• What you will do
Return only the line containing "Nicholas Kirkwood Nkp3" and each line after it, exactly as written, through the end of the records.

** Record set follows **

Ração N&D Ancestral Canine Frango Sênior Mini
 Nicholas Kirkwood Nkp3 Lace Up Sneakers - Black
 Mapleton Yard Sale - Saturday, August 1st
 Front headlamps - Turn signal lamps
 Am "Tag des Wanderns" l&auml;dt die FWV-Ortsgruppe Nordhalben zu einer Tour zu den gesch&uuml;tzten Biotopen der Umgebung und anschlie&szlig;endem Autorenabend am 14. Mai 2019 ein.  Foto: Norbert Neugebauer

** End of Record set **

• Result
 Nicholas Kirkwood Nkp3 Lace Up Sneakers - Black
 Mapleton Yard Sale - Saturday, August 1st
 Front headlamps - Turn signal lamps
 Am "Tag des Wanderns" l&auml;dt die FWV-Ortsgruppe Nordhalben zu einer Tour zu den gesch&uuml;tzten Biotopen der Umgebung und anschlie&szlig;endem Autorenabend am 14. Mai 2019 ein.  Foto: Norbert Neugebauer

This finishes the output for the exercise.